### What needs to be done:
Please repeat exactly the lines below from the line with "rinde Şekil Il deki gibi desen oluşuyor." to the line with "The Night is Forever By Heather Graham", including both, and leave out every picture.

### Data shown:
= Beginning of Section =

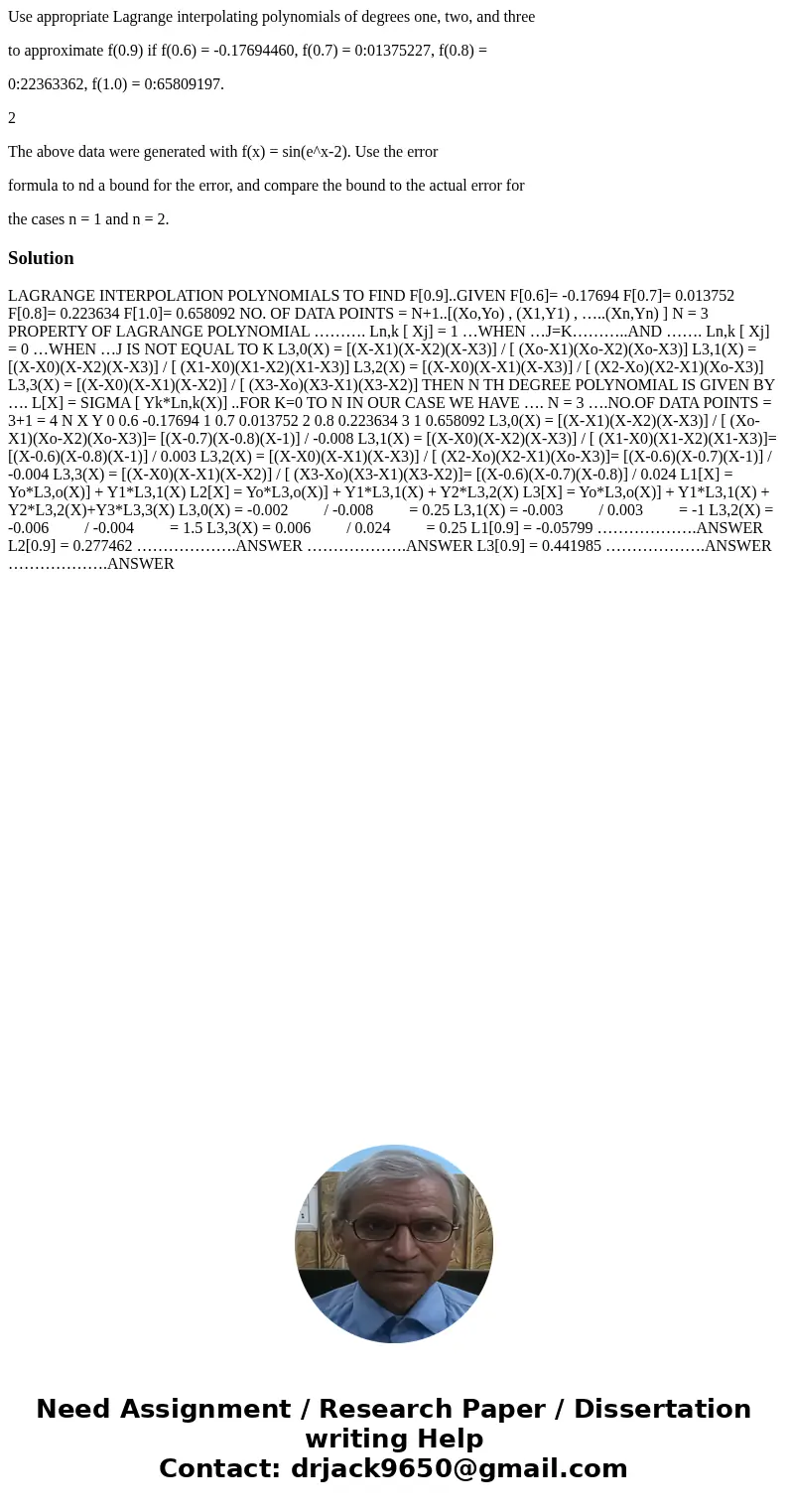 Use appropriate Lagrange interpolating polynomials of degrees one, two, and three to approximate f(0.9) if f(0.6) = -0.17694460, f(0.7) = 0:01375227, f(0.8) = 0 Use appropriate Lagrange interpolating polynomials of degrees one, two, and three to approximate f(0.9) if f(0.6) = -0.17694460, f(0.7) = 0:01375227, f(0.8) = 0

= End of Section =
= Beginning of Section =

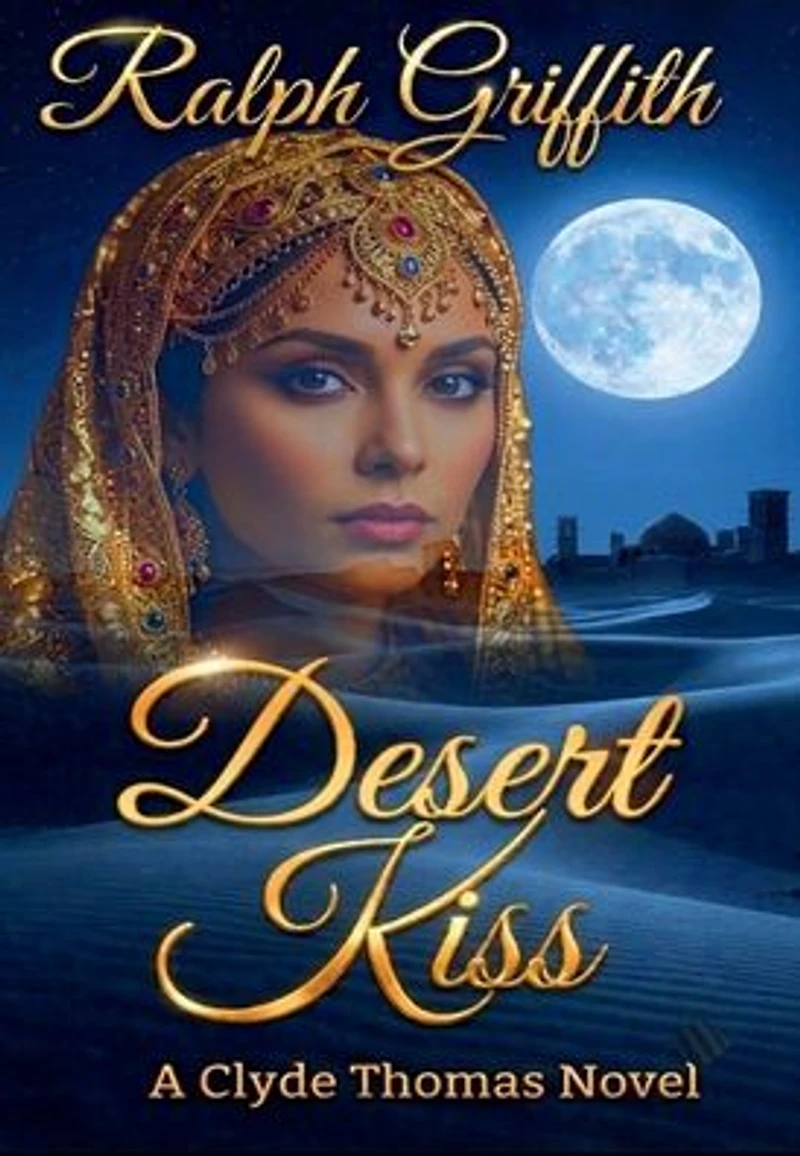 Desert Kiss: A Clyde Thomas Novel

= End of Section =
= Beginning of Section =

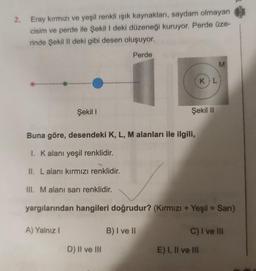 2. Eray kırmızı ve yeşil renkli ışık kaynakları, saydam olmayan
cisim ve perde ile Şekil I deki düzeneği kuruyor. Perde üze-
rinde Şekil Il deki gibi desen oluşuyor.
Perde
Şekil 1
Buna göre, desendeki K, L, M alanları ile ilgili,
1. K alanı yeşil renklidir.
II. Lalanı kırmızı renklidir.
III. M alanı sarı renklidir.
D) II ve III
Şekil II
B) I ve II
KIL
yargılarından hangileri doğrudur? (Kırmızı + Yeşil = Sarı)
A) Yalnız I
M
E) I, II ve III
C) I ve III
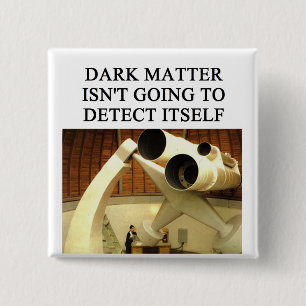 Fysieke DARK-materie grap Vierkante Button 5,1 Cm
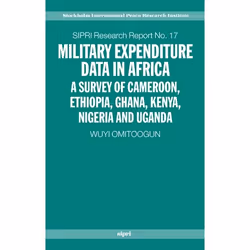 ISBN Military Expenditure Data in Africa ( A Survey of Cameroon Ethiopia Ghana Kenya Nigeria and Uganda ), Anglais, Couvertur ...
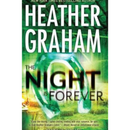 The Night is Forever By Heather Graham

= End of Section =

### Problem solution:
rinde Şekil Il deki gibi desen oluşuyor.
Perde
Şekil 1
Buna göre, desendeki K, L, M alanları ile ilgili,
1. K alanı yeşil renklidir.
II. Lalanı kırmızı renklidir.
III. M alanı sarı renklidir.
D) II ve III
Şekil II
B) I ve II
KIL
yargılarından hangileri doğrudur? (Kırmızı + Yeşil = Sarı)
A) Yalnız I
M
E) I, II ve III
C) I ve III
 Fysieke DARK-materie grap Vierkante Button 5,1 Cm
 ISBN Military Expenditure Data in Africa ( A Survey of Cameroon Ethiopia Ghana Kenya Nigeria and Uganda ), Anglais, Couvertur ...
 The Night is Forever By Heather Graham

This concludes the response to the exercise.